What is its origin and what is it?
The term is derived from a 1950 film by influential movie director Akira Kurosawa. In the movie, a Samurai is murdered and his wife is raped by a bandit Samurai. Four different accounts are given for the incident, each one very different and self-serving.
The Rashomon Effect is used to understand the faulty and misleading eye-witness accounts found in journalism and law enforcement, and is particularly relevant in those fields because such accounts can be very unreliable.
What is it and how is it used?
Juxtaposition is simply the use of two or more elements to show contrast in order to illuminate a particular point. This is used in literature and film to show a sharp contrast, often to emphasize a particular quality of a person, place, thing or event.
Ghost Dog: The Way of the Samurai
Ghost Dog is a movie about a modern-day black Samurai whose primary weapon is a gun, who lives in an inner-city ghetto, on a roof-top with a bunch of pigeons. He is indebted to a mafia man, named Louie, who saves him in his youth when he is brutally attacked by a street thug. Ghost Dog considers himself Louie's retainer; in Samurai parlance, this means Louie is Ghost Dog's lord. Consequently, Ghost Dog performs mob hits for Louie.
A hit goes wrong when Ghost Dog is sent to kill a gangster who happens to be sleeping with the mob boss' daughter. The daughter sees Ghost Dog, which is a definite faux pas which the mafia cannot forgive. The mafia then considers Ghost Dog a liability and orders him to be killed. The assassination becomes Louie's responsibility.

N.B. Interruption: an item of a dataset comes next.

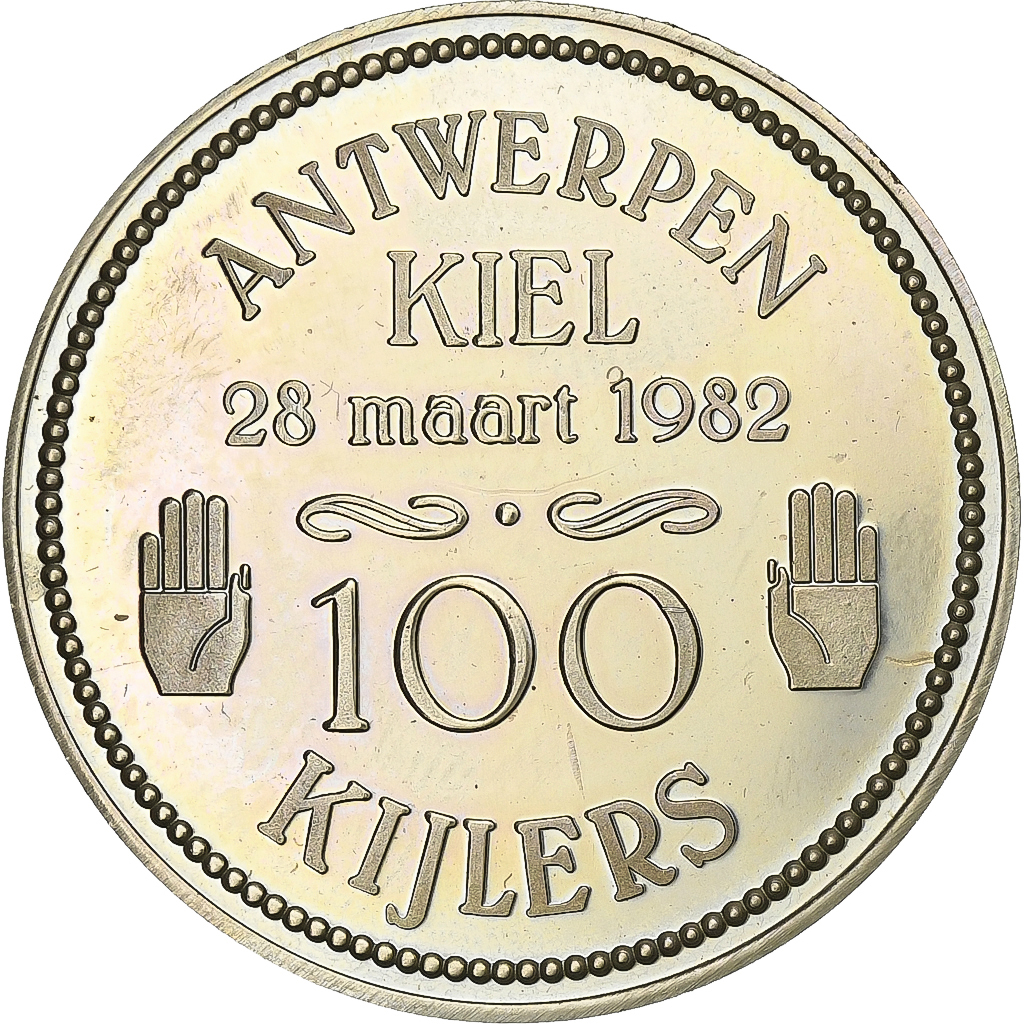 Belgium, Token, 100 Kijlers - Kiel - Antwerpen, 1982, Nickel-brass, 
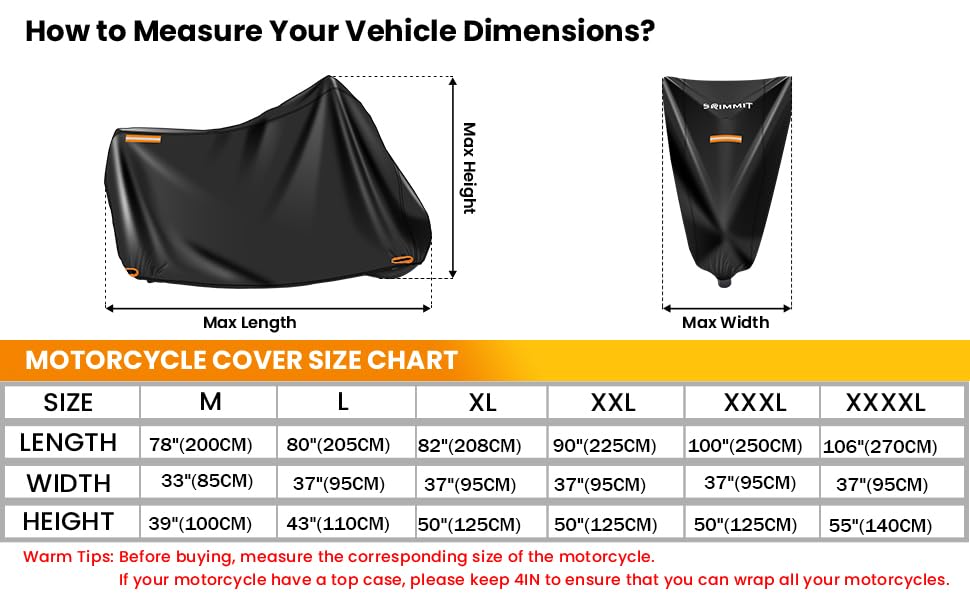 Motorcycle Cover Waterproof Outdoor,420D Universal Cover Motorcycle,All Season Protection,With License Plate Window, 4 Reflectiv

Ghost Dog, knowing that the mob is gunning for him, proceeds to wipe out the rest of the crime family, except for the mob boss' daughter and Louie.
In the end, Louie kills Ghost Dog and it is revealed that the daughter is the new boss.
The Rashomon Effect in Ghost Dog
The central incident that propels our anti-hero into the world of the Samurai, is the event in which Louie saves him from the street thug. It is revealed that Louie actually saw the event as him defending himself, because the thug had turned on him when he interrupted the assault. However, our protagonist construed the actions of Louie as Louie saving him.
The movie is full of very differing perspectives, each one serving each individual's own needs and desires. The mafia is protecting business and family and our anti-hero (protagonist) is fighting for honor and survival. Our modern-day Samurai has a friend who is a young girl, named Pearline, he meets at the park, and she, in the end, seeks to pick up the protagonist's tradition; this is also the case with the mob boss' daughter in terms of her family's business.
At the park, the neighborhood ice cream vendor, named Raymond, also happens to be our anti-hero's best friend and he, by all appearances, has nothing to gain from any of the events. He truly cares about his friend and is heart-broken by his death.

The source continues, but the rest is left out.